I think of my naive self in first year. It was the first time I had ever felt good about myself musically. Nobody made me self-conscious. I was confident, but not cocky. I knew I had to work hard, but I didn’t care what other people were doing. Come second year and all that disappeared. It was back to all these feelings of inadequacy and doubt that I thought I left behind in high school. It took me a long time to realize that those feelings are normal and that they don’t just magically “disappear”.
Now that I have my degree, it’s almost like I feel more inadequate than ever. Now I finally feel like I’m at where I would have liked to have been four years ago. I wish that I could play at the level I do now at the start of my undergrad. I’m sure I’m not the only person who has ever felt like this. Because of this, I did consider doing a gap year or a one year diploma program to “improve my technique”. My teacher advised me against this and said not to have a negative association with it, but a positive one. For example, instead of thinking of taking extra years of school because you suck and need to get better, think of it as an opportunity to get some more training and learn more repertoire. I decided to go ahead with Master’s because I knew I wanted to do it anyway, why prolong it? I can still take something like an Artist’s diploma afterward if I still feel like it.
I don’t know what else to really say right now. I look forward to starting my Master’s in September and I’ll definitely rant about it here if I need to! If there’s one thing I learned in my undergrad, it’s that moving away won’t magically solve your problems.
Whoa, I’m getting fancy and inserting pictures in my entries! I can barely contain myself too!
Well, there is a deeper meaning behind the picture. The title of this post states “I just wanted to be different”. So I figured a snowflake would be an appropriate graphic as no two snowflakes are alike. No two humans are alike.
Sometimes we forget just how unique we are. There are so many humans in the world, it can feel like you are insignificant and don’t matter. If you have read any other things I have posted in this blog, you will know that it is something I talk about a lot.

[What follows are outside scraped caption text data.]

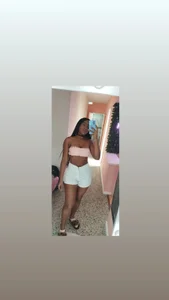 AnnaHot- Public Foto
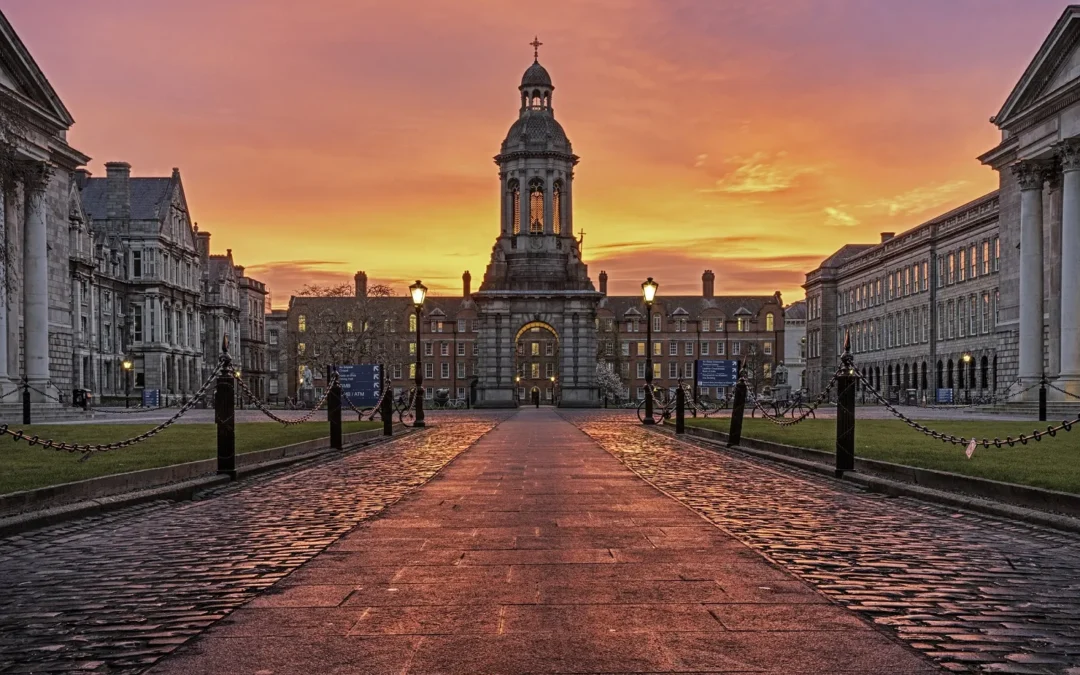 Trinity College Dublin: Bước vào thế giới phù thủy ngay tại Ireland!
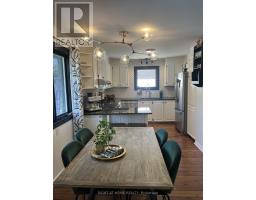 828 Eastvale Drive, Ottawa, ON K1J7A4 Photo 9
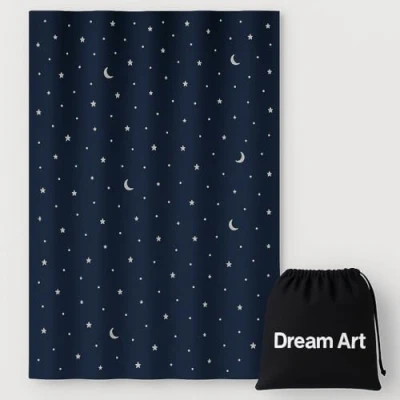 Afbeelding van Dream Art Anywhere Draagbaar tijdelijk verduisteringsgordijn met zuignappen voor slaapkamer of reizen, blauw gordijn zilveren maan en sterren, 1 stuk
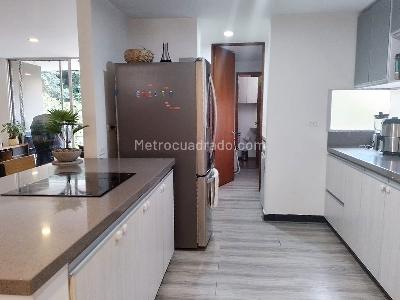 Apartamento de 2 alcobas en venta en El Poblado, Medellín, 118 m² · foto 7 de 17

When my violin teacher suggested to me at the end of grade 7 that I switch to viola, I will admit I was quite skeptical, as I’m sure you can relate if you are a violist as well. I thought it was a passive-aggressive nudge suggesting that things on violin weren’t going so well and that maybe I should just give up. I didn’t want to play an instrument that had such horrible jokes written about it, I couldn’t be that person! I rented a cheap one just to try it out and give it a chance. I did like the deeper, rich tone quality of the viola. Overall, I thought it was a much nicer and satisfying instrument to play. The next week when I went to my violin lesson, it was my first viola lesson. That summer, I went to the summer string workshop as a violist. I was still a bit shaky on alto clef, but by the beginning of grade 8, I was almost fluent in alto clef. By the time I started youth orchestra, it was like I had been playing viola for years.
I’ll admit I still wasn’t completely sold on viola. Part of me was still a violinist and missed soaring in those high positions on the E string. I’d watch the violinists have these crazy hard parts all up in 8th position while I was playing tremolo. I would almost wish that I could play something like that, I felt like I wasn’t challenging myself enough. I thought people would think that I was being lazy for switching to the viola. Yes, at one point in my life, I thought viola was “too easy”. Such a violinist thing to say. I did like being in a smaller section though. There aren’t many violists, especially where I was from. I felt I always got lost in the sea of violinists and was constantly compared to other people, making me always feel like the “underdog” or behind others. When I started on viola, I felt like I was my own category and I didn’t care if I was behind others or didn’t play as well as I “should have”.
It wasn’t until the end of grade 9 when my parents very kindly bought me a new professional quality viola (the one in the banner of this blog). As soon as I played it, I fell in love with the instrument all over again. It was so much nicer than that cheap rental one I had been using the past 2 years. It was from that moment that I knew that viola was my true calling. I was never meant to be a violinist, I was a violist. I didn’t switch to viola because I wasn’t good at violin, I switched because I genuinely enjoyed the instrument more and it suited me better.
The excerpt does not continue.